Chancery Division Judge Edward Coleman found in 2014 that Suzanne's siblings, Thor and Lorraine, had long sidelined her from corporate decision-making and engaged in “gross mismanagement” to her detriment. The ruling also found that Thor, who died in 2017, had improperly used a home on company property for years without reimbursing the family partnership.

Coleman initially ordered Thor and Lorraine to return $150,000 in property taxes to the business and also appointed a special fiscal agent to do a forensic accounting of other finance issues. Though Coleman later adopted a report that Thor was owed $190,000 for improvements he made to the residence, the judge declined to modify Suzanne's attorney fee award, finding that she had fundamentally prevailed on her claims and had rectified the family's business affairs through the appointment of the special fiscal agent.

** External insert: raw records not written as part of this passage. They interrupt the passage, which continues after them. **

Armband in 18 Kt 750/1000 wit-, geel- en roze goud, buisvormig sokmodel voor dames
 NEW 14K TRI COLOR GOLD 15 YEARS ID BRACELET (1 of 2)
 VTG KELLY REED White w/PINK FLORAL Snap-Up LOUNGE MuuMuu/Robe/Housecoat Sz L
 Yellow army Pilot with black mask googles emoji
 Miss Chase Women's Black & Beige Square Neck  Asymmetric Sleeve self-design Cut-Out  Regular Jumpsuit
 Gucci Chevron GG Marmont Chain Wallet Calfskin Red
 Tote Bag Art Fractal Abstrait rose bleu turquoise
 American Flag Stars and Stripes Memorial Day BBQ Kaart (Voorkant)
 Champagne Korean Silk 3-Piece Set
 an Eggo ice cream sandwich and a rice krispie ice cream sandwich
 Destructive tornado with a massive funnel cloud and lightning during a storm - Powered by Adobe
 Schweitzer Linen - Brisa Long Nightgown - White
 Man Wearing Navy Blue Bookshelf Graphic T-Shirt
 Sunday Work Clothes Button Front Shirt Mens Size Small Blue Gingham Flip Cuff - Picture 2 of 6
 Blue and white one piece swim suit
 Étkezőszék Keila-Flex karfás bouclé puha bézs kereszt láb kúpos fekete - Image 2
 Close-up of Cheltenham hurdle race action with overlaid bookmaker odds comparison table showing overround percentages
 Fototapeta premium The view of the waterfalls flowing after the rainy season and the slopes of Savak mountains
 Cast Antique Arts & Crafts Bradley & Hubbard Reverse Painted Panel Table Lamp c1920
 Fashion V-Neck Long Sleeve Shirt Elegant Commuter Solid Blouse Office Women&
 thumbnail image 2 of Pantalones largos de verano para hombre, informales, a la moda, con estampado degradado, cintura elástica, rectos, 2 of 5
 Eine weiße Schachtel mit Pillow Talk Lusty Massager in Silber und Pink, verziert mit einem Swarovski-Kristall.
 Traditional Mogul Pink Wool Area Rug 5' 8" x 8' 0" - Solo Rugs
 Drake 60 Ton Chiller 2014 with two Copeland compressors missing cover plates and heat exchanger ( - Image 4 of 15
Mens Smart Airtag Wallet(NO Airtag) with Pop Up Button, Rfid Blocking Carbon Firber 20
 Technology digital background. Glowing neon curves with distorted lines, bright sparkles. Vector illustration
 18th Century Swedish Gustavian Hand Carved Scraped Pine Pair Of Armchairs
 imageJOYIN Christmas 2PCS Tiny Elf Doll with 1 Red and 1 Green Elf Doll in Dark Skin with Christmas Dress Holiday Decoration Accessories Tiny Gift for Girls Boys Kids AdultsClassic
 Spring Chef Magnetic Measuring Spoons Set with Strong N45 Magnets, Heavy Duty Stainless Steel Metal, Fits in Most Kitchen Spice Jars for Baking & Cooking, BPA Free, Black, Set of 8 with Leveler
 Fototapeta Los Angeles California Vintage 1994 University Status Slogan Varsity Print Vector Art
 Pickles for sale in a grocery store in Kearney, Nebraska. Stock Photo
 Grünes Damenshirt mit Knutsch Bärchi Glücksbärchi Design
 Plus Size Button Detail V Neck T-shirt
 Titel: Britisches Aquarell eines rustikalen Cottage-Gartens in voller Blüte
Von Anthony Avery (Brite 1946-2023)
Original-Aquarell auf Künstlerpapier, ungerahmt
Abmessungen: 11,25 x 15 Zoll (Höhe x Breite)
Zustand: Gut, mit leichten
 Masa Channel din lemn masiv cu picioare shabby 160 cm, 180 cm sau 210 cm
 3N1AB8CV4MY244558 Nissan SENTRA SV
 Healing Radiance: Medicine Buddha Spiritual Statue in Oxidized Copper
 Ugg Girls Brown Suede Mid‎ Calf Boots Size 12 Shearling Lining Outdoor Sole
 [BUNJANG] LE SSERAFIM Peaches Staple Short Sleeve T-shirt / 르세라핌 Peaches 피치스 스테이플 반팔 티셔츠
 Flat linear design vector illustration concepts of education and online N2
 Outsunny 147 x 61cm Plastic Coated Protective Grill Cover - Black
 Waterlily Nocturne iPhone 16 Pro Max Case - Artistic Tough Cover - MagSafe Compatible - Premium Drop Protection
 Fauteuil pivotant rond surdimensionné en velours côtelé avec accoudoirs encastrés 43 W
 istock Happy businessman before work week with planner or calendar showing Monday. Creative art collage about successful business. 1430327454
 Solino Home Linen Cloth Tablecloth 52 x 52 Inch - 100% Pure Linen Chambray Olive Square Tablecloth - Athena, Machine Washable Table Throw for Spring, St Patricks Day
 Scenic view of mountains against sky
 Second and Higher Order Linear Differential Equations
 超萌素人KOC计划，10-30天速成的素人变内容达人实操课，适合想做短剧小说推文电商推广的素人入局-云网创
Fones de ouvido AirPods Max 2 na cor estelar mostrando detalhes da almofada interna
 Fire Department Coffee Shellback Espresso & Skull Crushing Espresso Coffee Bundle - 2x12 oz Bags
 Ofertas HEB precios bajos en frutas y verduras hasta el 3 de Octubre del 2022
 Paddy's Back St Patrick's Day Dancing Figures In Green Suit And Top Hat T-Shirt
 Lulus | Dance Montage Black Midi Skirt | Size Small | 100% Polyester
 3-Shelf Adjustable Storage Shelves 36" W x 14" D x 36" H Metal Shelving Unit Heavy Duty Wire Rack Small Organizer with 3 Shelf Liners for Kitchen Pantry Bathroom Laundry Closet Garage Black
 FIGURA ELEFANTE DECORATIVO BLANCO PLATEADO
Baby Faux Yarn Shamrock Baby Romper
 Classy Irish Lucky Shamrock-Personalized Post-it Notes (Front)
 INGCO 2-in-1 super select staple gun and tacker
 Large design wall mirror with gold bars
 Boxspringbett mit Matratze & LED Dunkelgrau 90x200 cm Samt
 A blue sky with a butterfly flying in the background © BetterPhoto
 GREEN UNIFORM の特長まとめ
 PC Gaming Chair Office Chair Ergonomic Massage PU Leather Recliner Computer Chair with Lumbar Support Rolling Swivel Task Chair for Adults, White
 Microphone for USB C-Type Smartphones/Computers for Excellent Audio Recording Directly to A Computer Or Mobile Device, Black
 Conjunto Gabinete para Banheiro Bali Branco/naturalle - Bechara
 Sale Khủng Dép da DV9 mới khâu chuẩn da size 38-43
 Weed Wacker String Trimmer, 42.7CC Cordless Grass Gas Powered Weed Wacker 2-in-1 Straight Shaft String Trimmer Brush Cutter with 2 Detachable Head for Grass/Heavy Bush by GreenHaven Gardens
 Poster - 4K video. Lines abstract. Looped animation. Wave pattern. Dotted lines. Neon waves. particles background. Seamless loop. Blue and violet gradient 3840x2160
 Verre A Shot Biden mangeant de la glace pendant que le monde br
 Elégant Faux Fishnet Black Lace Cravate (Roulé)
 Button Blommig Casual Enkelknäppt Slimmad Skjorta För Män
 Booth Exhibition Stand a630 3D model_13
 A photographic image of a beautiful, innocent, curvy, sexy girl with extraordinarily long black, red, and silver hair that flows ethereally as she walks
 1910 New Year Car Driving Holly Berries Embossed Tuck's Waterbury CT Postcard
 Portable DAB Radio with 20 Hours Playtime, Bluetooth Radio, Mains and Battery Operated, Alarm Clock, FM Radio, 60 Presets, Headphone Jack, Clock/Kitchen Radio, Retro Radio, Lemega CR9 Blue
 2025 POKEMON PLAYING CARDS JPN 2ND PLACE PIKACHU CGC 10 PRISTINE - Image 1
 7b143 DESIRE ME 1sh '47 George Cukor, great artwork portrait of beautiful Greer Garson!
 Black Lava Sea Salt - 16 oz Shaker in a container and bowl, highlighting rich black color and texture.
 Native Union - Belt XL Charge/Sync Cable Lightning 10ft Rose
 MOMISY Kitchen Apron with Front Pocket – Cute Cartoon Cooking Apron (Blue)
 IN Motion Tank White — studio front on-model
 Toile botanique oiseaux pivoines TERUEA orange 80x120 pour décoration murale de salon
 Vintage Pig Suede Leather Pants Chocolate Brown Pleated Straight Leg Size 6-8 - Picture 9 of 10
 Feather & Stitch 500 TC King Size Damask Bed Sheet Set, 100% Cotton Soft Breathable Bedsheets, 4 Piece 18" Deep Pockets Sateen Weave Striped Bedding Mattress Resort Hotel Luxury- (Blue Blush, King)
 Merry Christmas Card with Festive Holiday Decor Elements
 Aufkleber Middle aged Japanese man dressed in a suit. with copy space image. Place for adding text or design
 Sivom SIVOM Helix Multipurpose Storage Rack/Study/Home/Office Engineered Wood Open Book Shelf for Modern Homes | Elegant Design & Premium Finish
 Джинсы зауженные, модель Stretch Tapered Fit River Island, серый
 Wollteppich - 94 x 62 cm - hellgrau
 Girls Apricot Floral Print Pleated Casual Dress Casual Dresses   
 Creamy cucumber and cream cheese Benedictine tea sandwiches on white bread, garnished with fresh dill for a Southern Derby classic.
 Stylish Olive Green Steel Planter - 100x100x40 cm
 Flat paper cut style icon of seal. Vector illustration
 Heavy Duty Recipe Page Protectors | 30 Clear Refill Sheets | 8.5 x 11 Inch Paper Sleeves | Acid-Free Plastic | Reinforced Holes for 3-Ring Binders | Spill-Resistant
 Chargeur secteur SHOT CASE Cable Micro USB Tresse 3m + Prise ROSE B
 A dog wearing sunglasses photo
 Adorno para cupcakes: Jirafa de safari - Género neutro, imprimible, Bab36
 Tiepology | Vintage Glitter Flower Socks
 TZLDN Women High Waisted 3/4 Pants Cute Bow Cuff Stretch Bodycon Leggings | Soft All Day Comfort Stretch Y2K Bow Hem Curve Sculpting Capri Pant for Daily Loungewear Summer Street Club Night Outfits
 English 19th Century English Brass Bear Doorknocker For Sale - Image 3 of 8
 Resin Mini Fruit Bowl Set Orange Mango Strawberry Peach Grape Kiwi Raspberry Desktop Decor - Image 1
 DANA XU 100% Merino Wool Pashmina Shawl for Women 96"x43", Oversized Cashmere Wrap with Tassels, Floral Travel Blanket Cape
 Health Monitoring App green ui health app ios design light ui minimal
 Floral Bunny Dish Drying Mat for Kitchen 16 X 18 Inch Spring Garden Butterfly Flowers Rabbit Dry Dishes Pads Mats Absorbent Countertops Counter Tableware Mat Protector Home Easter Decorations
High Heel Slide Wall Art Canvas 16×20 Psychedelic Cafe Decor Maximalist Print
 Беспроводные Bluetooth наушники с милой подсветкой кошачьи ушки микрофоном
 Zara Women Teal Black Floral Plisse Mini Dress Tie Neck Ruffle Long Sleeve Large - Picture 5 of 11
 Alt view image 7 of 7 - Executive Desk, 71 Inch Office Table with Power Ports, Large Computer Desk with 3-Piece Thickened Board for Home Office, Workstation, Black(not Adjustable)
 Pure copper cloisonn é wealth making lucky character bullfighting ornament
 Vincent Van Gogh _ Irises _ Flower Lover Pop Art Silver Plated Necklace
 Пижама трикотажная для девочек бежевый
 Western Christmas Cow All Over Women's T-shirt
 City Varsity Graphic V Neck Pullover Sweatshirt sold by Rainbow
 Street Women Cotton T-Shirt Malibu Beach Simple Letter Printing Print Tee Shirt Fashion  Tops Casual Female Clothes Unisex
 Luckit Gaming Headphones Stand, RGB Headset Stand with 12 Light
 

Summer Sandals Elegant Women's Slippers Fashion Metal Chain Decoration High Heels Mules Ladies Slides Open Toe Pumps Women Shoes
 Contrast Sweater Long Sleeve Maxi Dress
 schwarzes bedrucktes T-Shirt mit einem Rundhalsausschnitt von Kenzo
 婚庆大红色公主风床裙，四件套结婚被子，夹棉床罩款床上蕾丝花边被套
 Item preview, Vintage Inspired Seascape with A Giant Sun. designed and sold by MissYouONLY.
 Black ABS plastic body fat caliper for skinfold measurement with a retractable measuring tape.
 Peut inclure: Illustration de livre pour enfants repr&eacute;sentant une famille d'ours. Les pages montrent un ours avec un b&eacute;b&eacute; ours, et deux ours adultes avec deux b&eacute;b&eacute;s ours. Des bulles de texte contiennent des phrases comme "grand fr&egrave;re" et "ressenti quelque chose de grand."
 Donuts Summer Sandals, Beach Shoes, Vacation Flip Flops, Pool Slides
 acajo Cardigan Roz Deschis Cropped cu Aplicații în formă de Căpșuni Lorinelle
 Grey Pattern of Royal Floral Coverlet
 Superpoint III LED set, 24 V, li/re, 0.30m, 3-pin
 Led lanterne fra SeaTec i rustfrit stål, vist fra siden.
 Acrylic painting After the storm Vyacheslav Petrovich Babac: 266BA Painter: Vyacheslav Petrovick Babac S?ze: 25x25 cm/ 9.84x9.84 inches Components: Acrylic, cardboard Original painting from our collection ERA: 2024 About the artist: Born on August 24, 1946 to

Lorraine and Thor's estate appealed the ruling, arguing that the fee award was premature because it preceded a posttrial accounting that ultimately revealed Thor was entitled to a credit for improvements he made to the airport property. Any fee award, the ruling said, should be confined to McCarter & English's work on Suzanne's oppressed shareholder claim, and not related arguments for breach of contract and fiduciary duties.

The Appellate Division panel on Thursday, however, affirmed the award, adding only what it said were “a few amplifying issue-specific comments.” The panel noted in its per curium ruling that the trial judge was entitled to “considerable deference” and that the Chancery Division was vested with “broad equitable authority” to craft case-specific remedies.

“The judge clearly exhibited a 'feel for the case' and, on the whole, ruled in a fair and equitable manner in addressing the litany of issues the parties called upon him to decide,” the judges wrote in a 23-page opinion.

An attorney from McCarter & English declined to comment, citing the firm's practice of not publicly discussing a matter in which it was involved. At attorney for the defendants did not return a call Friday seeking comment on the case.

According to the opinion, Suzanne was represented by William Wallach of McCarter & English in Newark. Lorraine and Thor's estate was represented by Lawrence Berger of Berger & Bernstein and Gregory Cannon of Sobel Ham & Cannon.

The case was captioned Solberg v. Solberg.